__AIM OF THE TASK__
Please return only the lines from the one holding "غرفة نوم كينج" through the one holding "Breitling Transocean RB0510", exactly as they appear in the records below, both ends included.

[Web page caption snippets]
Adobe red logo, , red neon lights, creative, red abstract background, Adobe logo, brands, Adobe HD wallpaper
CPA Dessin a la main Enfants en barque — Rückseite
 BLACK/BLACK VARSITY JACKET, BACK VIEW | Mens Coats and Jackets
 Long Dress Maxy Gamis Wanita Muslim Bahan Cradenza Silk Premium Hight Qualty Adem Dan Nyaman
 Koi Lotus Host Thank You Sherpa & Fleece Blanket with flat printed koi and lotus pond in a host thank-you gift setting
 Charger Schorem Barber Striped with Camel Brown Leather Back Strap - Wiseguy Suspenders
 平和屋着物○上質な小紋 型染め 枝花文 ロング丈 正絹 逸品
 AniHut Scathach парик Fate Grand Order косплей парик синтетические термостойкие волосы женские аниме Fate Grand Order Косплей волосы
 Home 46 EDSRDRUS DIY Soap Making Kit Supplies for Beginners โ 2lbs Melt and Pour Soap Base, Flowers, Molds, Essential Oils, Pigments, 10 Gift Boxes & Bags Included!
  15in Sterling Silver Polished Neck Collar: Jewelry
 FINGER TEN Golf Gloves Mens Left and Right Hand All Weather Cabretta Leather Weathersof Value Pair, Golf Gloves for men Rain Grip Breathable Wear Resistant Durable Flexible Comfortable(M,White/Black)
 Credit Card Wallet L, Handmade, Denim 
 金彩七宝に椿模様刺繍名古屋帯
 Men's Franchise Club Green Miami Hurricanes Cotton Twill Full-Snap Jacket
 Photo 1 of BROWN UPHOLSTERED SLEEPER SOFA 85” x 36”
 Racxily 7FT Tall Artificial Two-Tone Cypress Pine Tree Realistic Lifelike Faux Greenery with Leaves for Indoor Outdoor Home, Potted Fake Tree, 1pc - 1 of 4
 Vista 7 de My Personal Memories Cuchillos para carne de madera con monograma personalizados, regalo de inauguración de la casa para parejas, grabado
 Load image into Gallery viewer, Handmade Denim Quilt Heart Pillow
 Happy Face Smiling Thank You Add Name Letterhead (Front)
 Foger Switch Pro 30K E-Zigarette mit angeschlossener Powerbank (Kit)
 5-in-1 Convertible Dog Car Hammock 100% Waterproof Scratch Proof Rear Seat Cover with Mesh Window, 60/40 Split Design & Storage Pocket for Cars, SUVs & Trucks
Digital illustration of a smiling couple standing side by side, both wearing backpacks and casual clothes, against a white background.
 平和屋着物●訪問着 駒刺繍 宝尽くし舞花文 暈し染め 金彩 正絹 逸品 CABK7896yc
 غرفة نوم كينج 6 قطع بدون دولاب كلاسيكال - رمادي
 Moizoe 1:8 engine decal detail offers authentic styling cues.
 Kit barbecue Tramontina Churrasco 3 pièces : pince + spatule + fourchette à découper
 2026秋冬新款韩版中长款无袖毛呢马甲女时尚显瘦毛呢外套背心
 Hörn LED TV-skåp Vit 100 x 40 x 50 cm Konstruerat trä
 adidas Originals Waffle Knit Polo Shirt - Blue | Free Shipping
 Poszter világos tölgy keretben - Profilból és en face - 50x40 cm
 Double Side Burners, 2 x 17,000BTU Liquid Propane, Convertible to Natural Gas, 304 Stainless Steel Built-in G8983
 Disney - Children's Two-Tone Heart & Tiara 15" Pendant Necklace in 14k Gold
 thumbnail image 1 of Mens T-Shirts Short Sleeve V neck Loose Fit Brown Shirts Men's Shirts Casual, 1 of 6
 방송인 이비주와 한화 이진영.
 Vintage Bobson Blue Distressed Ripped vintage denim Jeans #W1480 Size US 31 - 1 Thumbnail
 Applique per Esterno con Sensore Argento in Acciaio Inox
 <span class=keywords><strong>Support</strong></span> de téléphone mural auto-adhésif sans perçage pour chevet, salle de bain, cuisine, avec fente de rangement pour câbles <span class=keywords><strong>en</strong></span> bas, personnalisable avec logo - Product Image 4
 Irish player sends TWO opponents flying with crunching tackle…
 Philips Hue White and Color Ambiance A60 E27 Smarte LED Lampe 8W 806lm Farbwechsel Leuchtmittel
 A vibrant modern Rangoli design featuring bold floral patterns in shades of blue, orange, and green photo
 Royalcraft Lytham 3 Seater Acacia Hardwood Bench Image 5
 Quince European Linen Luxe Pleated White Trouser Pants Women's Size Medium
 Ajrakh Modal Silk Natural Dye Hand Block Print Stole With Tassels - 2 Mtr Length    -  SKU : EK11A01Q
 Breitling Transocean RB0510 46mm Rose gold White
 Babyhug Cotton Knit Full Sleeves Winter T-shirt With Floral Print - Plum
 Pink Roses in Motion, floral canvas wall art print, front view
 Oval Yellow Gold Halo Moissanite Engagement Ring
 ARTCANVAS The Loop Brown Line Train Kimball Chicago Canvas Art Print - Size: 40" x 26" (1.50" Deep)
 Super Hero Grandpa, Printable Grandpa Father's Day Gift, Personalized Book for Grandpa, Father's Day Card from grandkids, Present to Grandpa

__COMPLETED TASK__
 غرفة نوم كينج 6 قطع بدون دولاب كلاسيكال - رمادي
 Moizoe 1:8 engine decal detail offers authentic styling cues.
 Kit barbecue Tramontina Churrasco 3 pièces : pince + spatule + fourchette à découper
 2026秋冬新款韩版中长款无袖毛呢马甲女时尚显瘦毛呢外套背心
 Hörn LED TV-skåp Vit 100 x 40 x 50 cm Konstruerat trä
 adidas Originals Waffle Knit Polo Shirt - Blue | Free Shipping
 Poszter világos tölgy keretben - Profilból és en face - 50x40 cm
 Double Side Burners, 2 x 17,000BTU Liquid Propane, Convertible to Natural Gas, 304 Stainless Steel Built-in G8983
 Disney - Children's Two-Tone Heart & Tiara 15" Pendant Necklace in 14k Gold
 thumbnail image 1 of Mens T-Shirts Short Sleeve V neck Loose Fit Brown Shirts Men's Shirts Casual, 1 of 6
 방송인 이비주와 한화 이진영.
 Vintage Bobson Blue Distressed Ripped vintage denim Jeans #W1480 Size US 31 - 1 Thumbnail
 Applique per Esterno con Sensore Argento in Acciaio Inox
 <span class=keywords><strong>Support</strong></span> de téléphone mural auto-adhésif sans perçage pour chevet, salle de bain, cuisine, avec fente de rangement pour câbles <span class=keywords><strong>en</strong></span> bas, personnalisable avec logo - Product Image 4
 Irish player sends TWO opponents flying with crunching tackle…
 Philips Hue White and Color Ambiance A60 E27 Smarte LED Lampe 8W 806lm Farbwechsel Leuchtmittel
 A vibrant modern Rangoli design featuring bold floral patterns in shades of blue, orange, and green photo
 Royalcraft Lytham 3 Seater Acacia Hardwood Bench Image 5
 Quince European Linen Luxe Pleated White Trouser Pants Women's Size Medium
 Ajrakh Modal Silk Natural Dye Hand Block Print Stole With Tassels - 2 Mtr Length    -  SKU : EK11A01Q
 Breitling Transocean RB0510 46mm Rose gold White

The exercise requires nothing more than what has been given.